You've got a lot of chemicals on this base. They're all pretty toxic.


The world wasn't crying out for another remake of Invasion of the Body Snatchers in 1993, but it got one all the same and, for the most part, it probably could have done without it. This time the movie was simply called Body Snatchers and the action was shifted to an army base, which was probably seen as a thematic coup by at least one of its sets of writers. (The screen story is credited to Raymond Cistheri and genre veteran Larry Cohen, with Stuart Gordon & Dennis Paoli sharing screenplay credit with Nicholas St. John, frequent collaborator of director Abel Ferrara, so it's fairly safe to say he had the most input.)

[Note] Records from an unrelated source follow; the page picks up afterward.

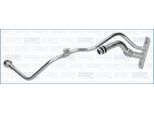 Linea Di Lubrificazione Del Turbocompressore Vw Beetlewy Tdi 16V 12-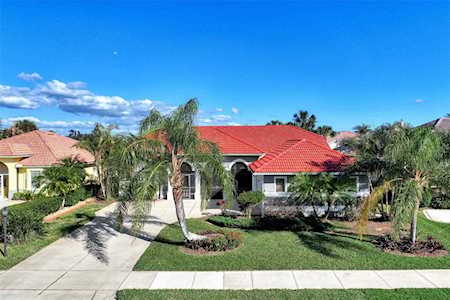 151 Grand Oak CIRCLE Venice, FL 34292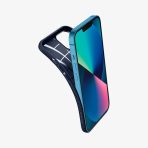 Liquid Air - Image 78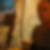 Photo de profil de Pierre Des Touches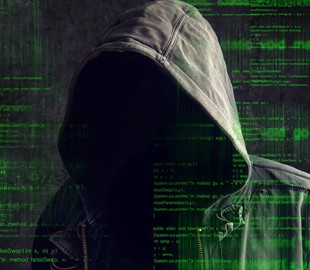 Цель захвачена: самые опасные хакерские атаки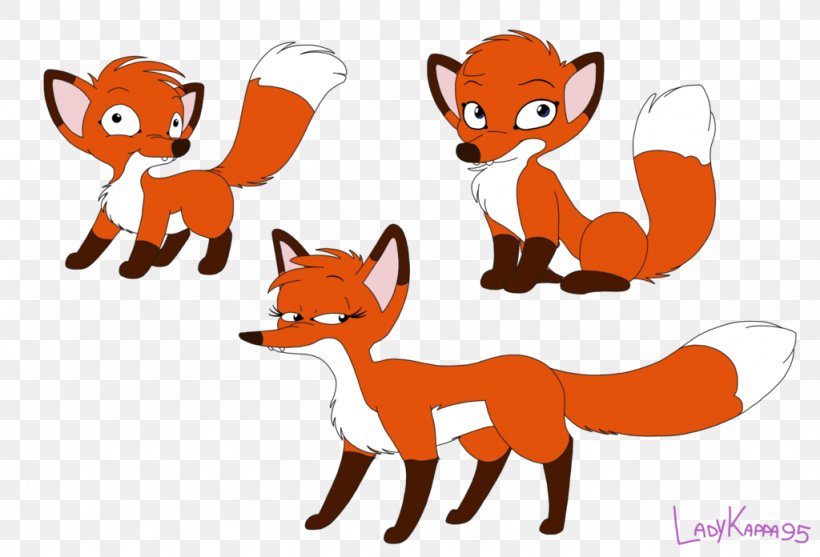 Red Fox Jungledyret Hugo Jungledyret Hugo, PNG, 1024x696px, Red Fox, Carnivoran, Deviantart, Dog Like Mammal, Drawing Download Free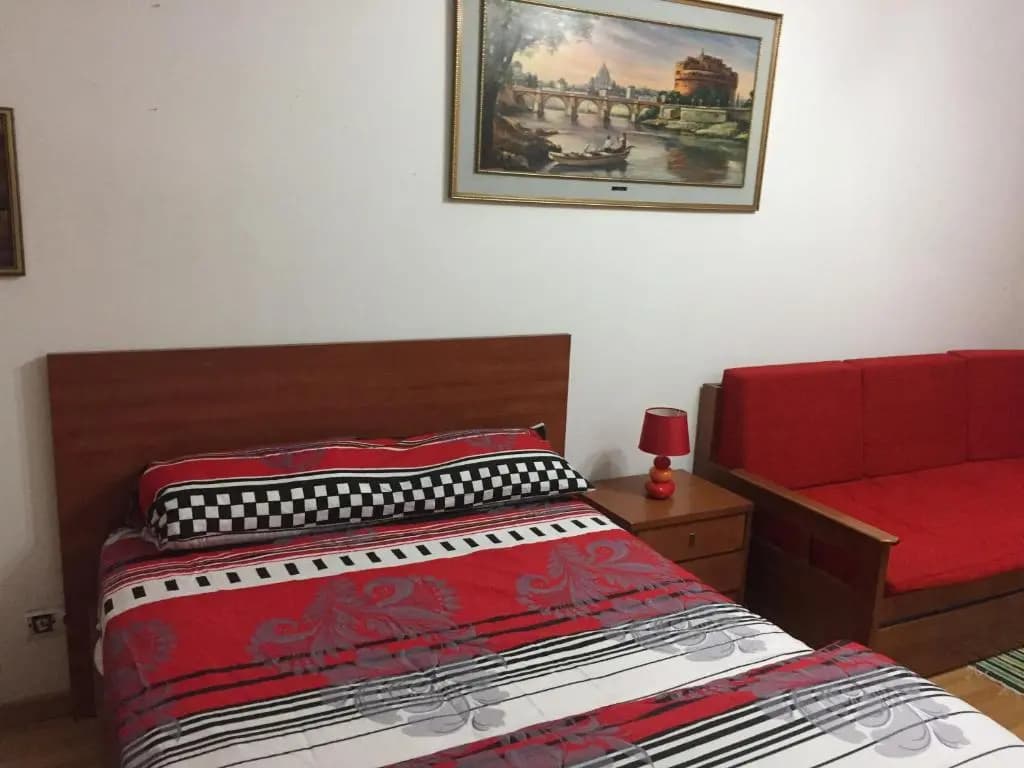 Nossa Casa - photo 6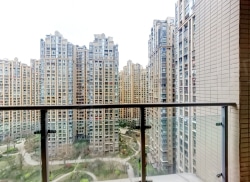 整租·邦泰临港国际 3室2厅 东南_邦泰临港国际租房
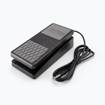 On Stage KEP100 | Expression Pedal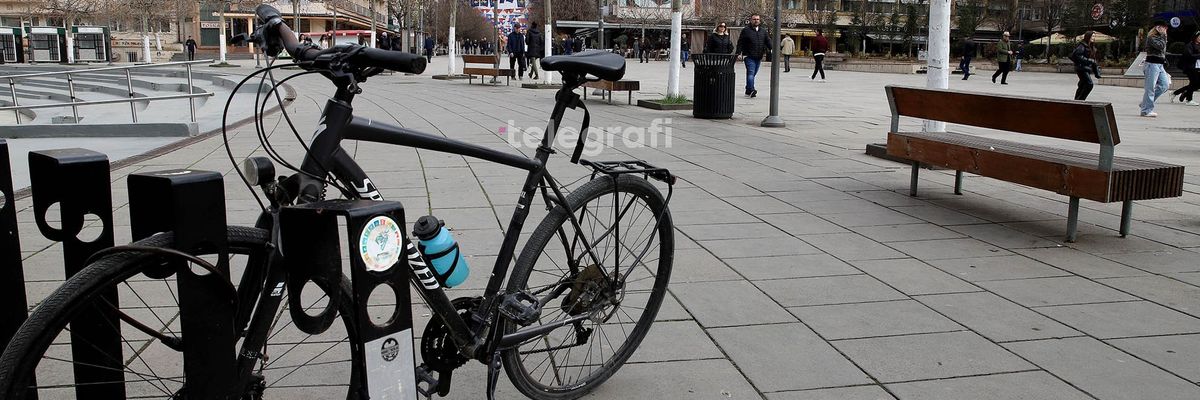 Sot mot i vranët Sot mot i vranët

The film is narrated by sulky teenager Gabrielle Anwar, daughter of EPA inspector Terry Kinney, who's carting the family around the south while he's evaluating how the U.S. Army is storing its chemical weapons. Anwar already knows what it's like to have a member of her family replaced, since stepmother Meg Tilly has filled in for her dead mother. (Naturally, Tilly is the first member of the family to become a pod person.) Soon after arriving at the base, Anwar makes friends with the general's rebellious daughter (Christine Elise) and a hotshot helicopter pilot (Billy Wirth), while Kinney has his run-ins with the dismissive general himself (R. Lee Ermey, who doesn't get to raise his voice once) and concerned Army doctor Forest Whitaker, who fills the Kevin McCarthy role by getting the most hysterical about the situation. (Similarly, Kinney's role as an EPA inspector echoes Donald Sutherland's part in the 1978 version.)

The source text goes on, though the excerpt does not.